Personally, if this were mine, I would keep all three trunks, the 20 degree tilt is about right, maybe a little less, maybe a little more. New buds breaking lower on the trunks may become future primary and secondary branches. I would take this on a 7 to 10 year design plan, don’t rush it. You can not glue back a branch once removed. So go slow with the chopping until you are certain it is what you want.

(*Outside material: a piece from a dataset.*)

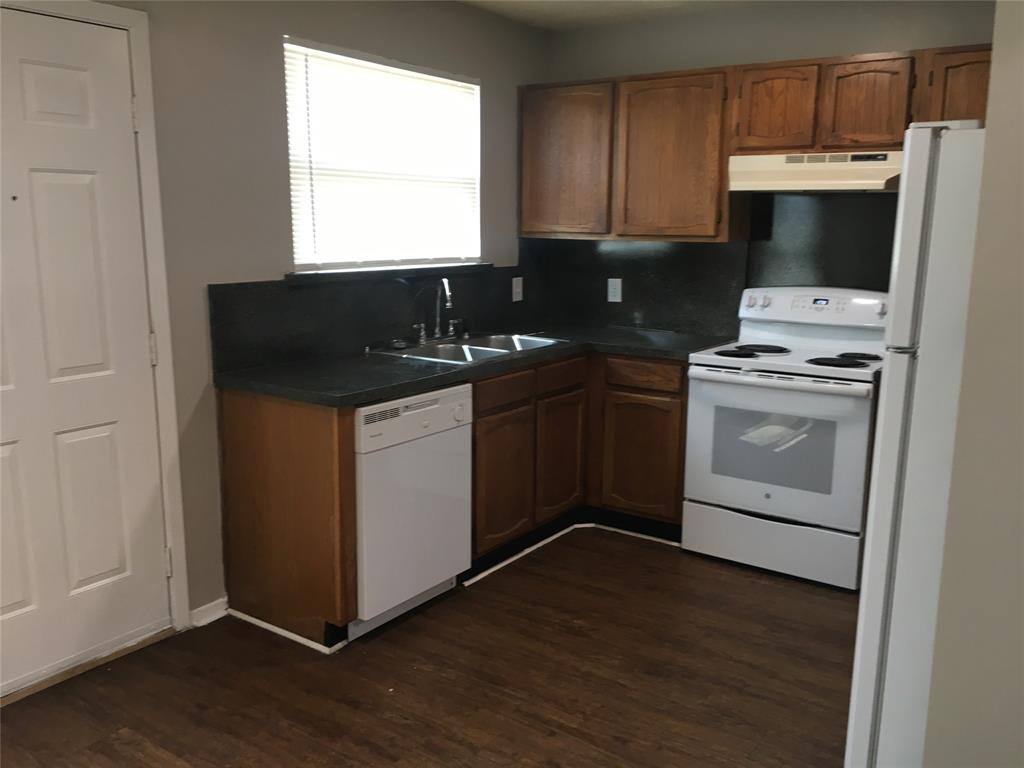 Townhouse for rent at 1409 Courtney Place #1409C, Cleburne, TX 76033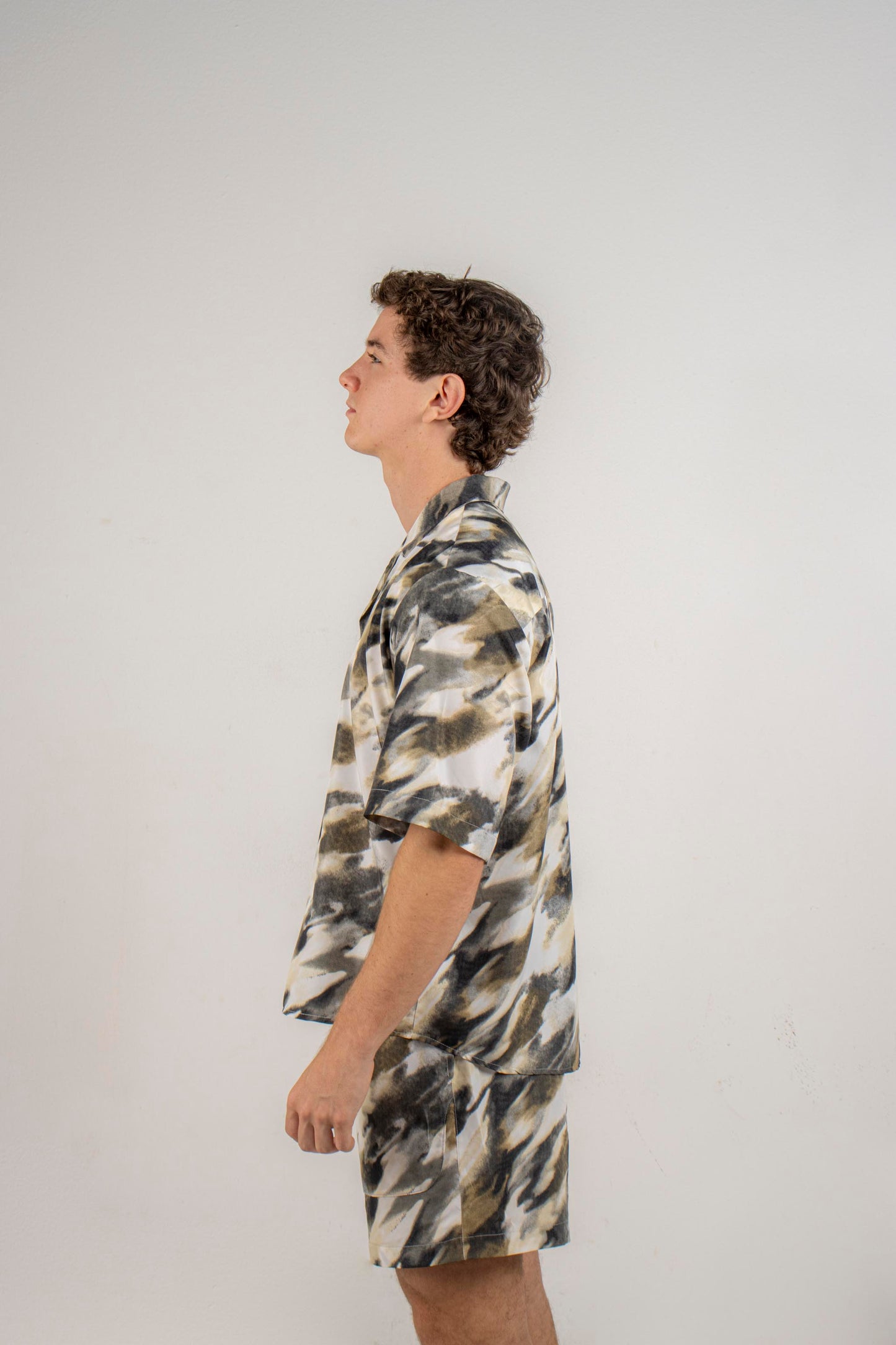 SHORT ABSTRACTO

About crossing branches - In my mind, the issue is trivial. I have seen many a good and even some masterpiece bonsai with crossing branches. The rule exists primarily for designing young material, as a thing to avoid. BUT it is NOT an absolute rule. Your tree has age to it, a natural wildness, the crossing branches may possibly become strengths, rather than flaws. It points to an uncontrived, naturalistic design. Especially if you are heading toward a naturalistic design rather than imitating a ‘‘formal’’ idealized tree, crossing branches in and of themselves are not an issue. See Arthur Joura’s wonderful blog pages where he discusses in a number of posts elements of a naturalistic design. It may help you ‘‘loosen up’’ and expand you thoughts to the possibilities for the future of your excellent pyracantha. http://ibonsaiclub.forumotion.com/t12772-american-bonsai-at-the-nc-arboretum
We are looking at 2 dimensional photos, not 3D. If the branches are not touching each other, but rather one is in front of the other, appearing to cross only from the ‘front’ view, it is not a bright line case of “got to cut if off”. A good bonsai has 3 dimensional depth, a branch in back creating depth may be used to advantage even if it appears to cross behind a main trunk from the front view. I downloaded an image or two, to see if I could do a virtual, and decided I wasn’t up to the task.You do have a number of ‘straight cylander’ branches that I would consider shortening to a point where a secondary branch is coming off it, to change direction, adding movement and taper. But the photos have too much foliage to clearly see what is happening. I think for the next couple years, if it were mine I would let lower secondary branches develop, keep buds that pop pretty much where ever they do if they are in the lower half of the tree. Perhaps I would prune back branch extensions in the upper part of the tree pretty hard to encourage more activity lower in the tree. Then 2 years from now decide how hard and how far to chop back the tall trunks. But I think my plans would always include the main trunks you have at the moment, even the left one. It is a nice unified clump, even though the left goes off wandering, it is a major part of the base of the other trunks.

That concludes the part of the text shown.